Figure 5. DDT Main Window
(Click to enlarge)

DDT will show your code in the Main Window. The most used buttons on the toolbar with shortcut keys, from left to right, are:

  • Play/Continue (F9): Start/continue your program.
  • Pause (F10): Pause your program.
  • Add Breakpoint: Press this button and add the line number. Notice, breakpoints can also be added by double-clicking a line.
  • Step Into (F5), Step Over (F8), Step Out (F6): Step into, over, or out of function calls.
  • Run To Line: Press the button and enter the line number you want to run to.
  • Down Stack Frame (Ctrl-D), Up Stack Frame (Ctrl-U), Bottom Stack Frame (Ctrl-B): After your program has stopped inside of some function, you can use buttons to step up and down in the program’s call stack.

The bottom panel has a number of pages that can be selected through the tabs on the top of them. There, you can:

  • Watch the output that the program prints to standard output.
  • Watch the breakpoints that you have set.
  • Monitor variables’ value by creating watchpoints. A watchpoint stops execution, when a variable’s data changes.
  • Examine the current call stack. Clicking on a line in the call stack will make DDT show the corresponding program code. The number to the left of each line is the number of processes that are in that place in the code.
  • Examine and set tracepoints. Tracepoints allow you to see what lines of code that your program is executing without stopping it. DDT prints the file and line number, when a tracepoint is reached. You can also capture the value of any variable at that point.

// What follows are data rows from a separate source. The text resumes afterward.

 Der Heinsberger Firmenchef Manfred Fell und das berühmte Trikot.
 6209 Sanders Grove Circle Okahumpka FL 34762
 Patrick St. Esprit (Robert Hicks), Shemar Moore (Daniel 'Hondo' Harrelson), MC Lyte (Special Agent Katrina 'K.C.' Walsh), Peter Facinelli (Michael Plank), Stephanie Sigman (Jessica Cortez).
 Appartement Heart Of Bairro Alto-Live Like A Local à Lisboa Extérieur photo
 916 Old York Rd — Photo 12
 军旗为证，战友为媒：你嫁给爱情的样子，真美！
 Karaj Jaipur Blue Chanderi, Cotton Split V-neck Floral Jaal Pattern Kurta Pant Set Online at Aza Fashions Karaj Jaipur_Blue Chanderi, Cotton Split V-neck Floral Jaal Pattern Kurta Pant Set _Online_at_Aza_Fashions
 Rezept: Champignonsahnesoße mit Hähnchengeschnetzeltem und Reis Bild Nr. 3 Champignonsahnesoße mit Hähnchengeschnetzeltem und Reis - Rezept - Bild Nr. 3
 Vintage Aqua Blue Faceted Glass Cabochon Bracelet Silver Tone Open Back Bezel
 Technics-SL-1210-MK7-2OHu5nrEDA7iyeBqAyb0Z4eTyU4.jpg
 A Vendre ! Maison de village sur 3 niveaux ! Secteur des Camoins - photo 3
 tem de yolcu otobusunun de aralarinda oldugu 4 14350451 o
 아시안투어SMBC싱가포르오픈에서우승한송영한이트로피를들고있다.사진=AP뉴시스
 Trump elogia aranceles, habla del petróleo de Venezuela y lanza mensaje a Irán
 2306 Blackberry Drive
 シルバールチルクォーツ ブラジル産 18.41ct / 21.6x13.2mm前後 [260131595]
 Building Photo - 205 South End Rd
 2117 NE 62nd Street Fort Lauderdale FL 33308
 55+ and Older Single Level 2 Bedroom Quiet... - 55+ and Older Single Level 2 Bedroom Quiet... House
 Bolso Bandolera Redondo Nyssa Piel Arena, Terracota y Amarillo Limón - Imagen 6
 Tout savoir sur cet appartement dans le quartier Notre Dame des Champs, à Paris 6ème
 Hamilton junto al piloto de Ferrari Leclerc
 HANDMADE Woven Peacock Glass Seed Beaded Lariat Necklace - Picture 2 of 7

In the right window panel one can examine:

  • All the local variables in the current function/subroutine.
  • The variables and their current values that are used in the current line(s). A group of lines can be selected.
  • The current call stack with the value of each argument for each function call.

If you right-click a variable in the code, a menu appears showing the type of the variable and for scalars also the value. For arrays select the View Array menu option. A window will appear showing the content of the array, or if selecting a range, showing a slice of an array.

Figure 6. Examining Data
(Click to enlarge)

Examining Core Files

DDT allows you to examine core files generated by a program. Start DDT without arguments and select Open Core Files on the Welcome Screen. This allows for selecting an executable and a core file to debug.